These records contain pictures, which must be left out; copy exactly the lines from the one with "We see increased" up to and including the one with "Nutmeg oil is".
BEGIN Task input
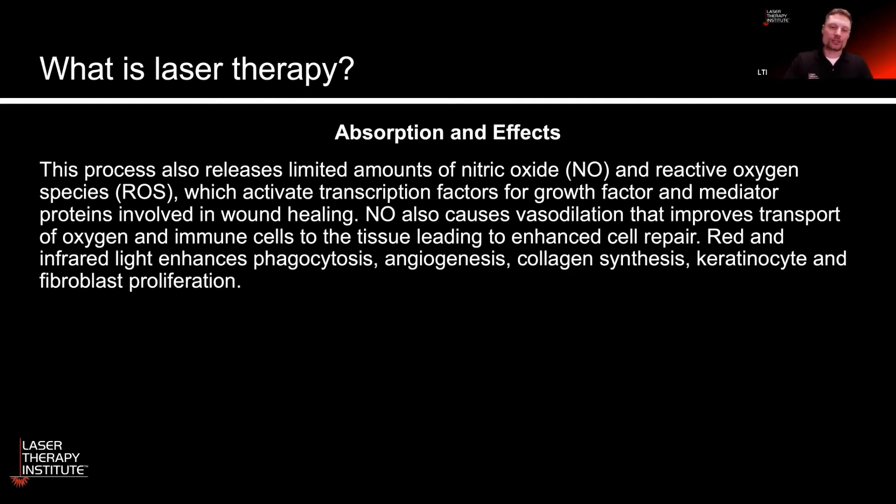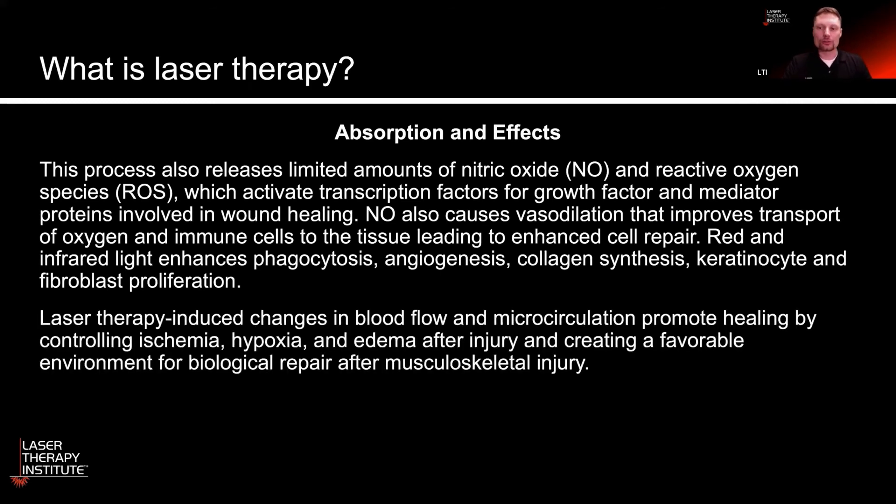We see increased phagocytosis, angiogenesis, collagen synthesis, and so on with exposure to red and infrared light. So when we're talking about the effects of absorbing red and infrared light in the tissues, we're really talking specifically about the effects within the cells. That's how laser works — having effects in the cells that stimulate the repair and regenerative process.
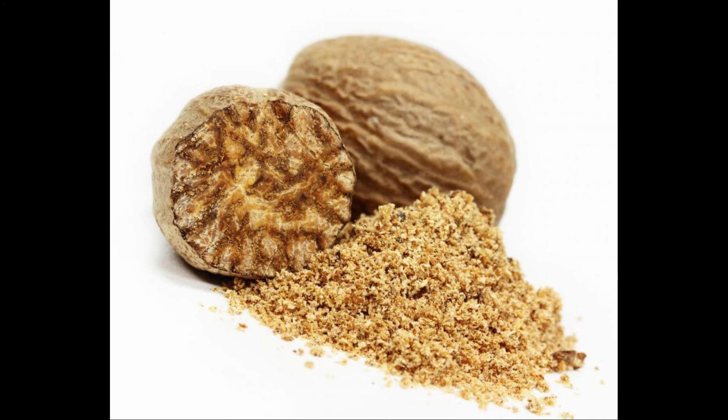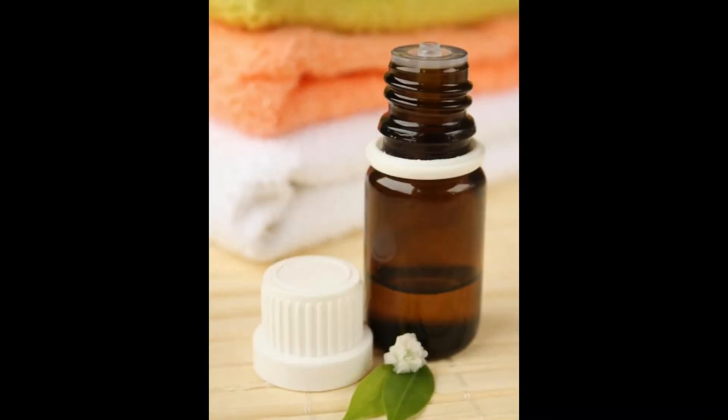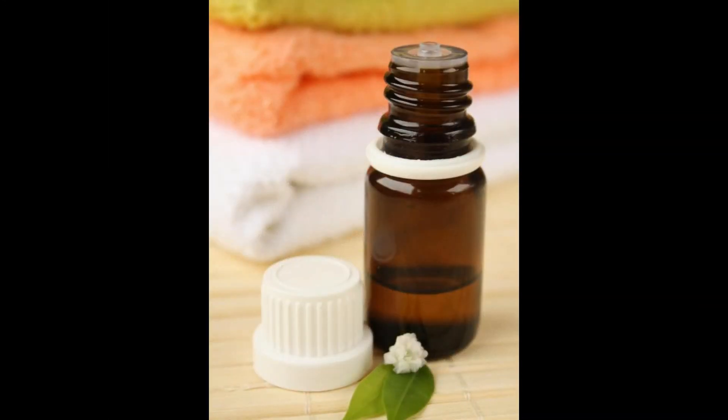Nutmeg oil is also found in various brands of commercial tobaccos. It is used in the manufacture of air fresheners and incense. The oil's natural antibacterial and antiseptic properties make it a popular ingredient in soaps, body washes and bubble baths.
END Task input
BEGIN Task input
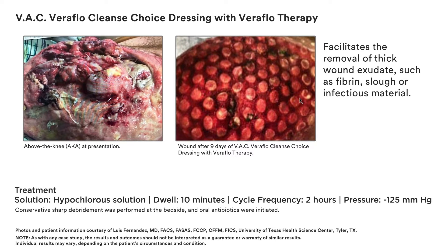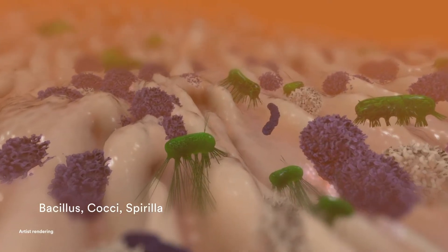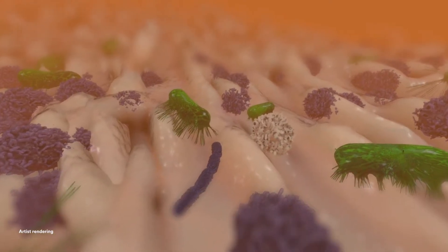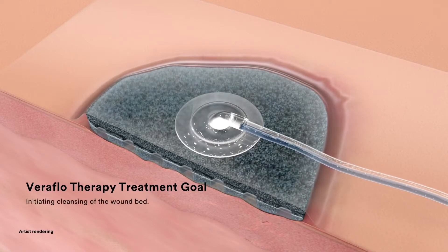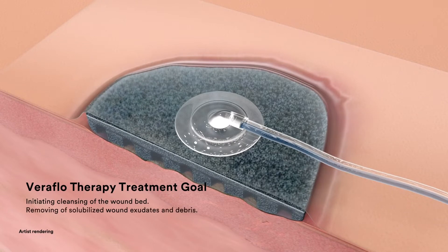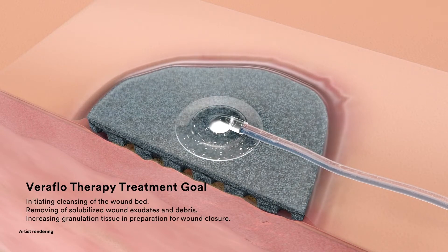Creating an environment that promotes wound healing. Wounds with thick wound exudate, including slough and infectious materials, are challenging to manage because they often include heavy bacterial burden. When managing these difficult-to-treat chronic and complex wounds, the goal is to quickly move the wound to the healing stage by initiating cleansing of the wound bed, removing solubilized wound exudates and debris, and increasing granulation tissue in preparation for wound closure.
END Task input
» Response below:
We see increased phagocytosis, angiogenesis, collagen synthesis, and so on with exposure to red and infrared light. So when we're talking about the effects of absorbing red and infrared light in the tissues, we're really talking specifically about the effects within the cells. That's how laser works — having effects in the cells that stimulate the repair and regenerative process.
Nutmeg oil is also found in various brands of commercial tobaccos. It is used in the manufacture of air fresheners and incense. The oil's natural antibacterial and antiseptic properties make it a popular ingredient in soaps, body washes and bubble baths.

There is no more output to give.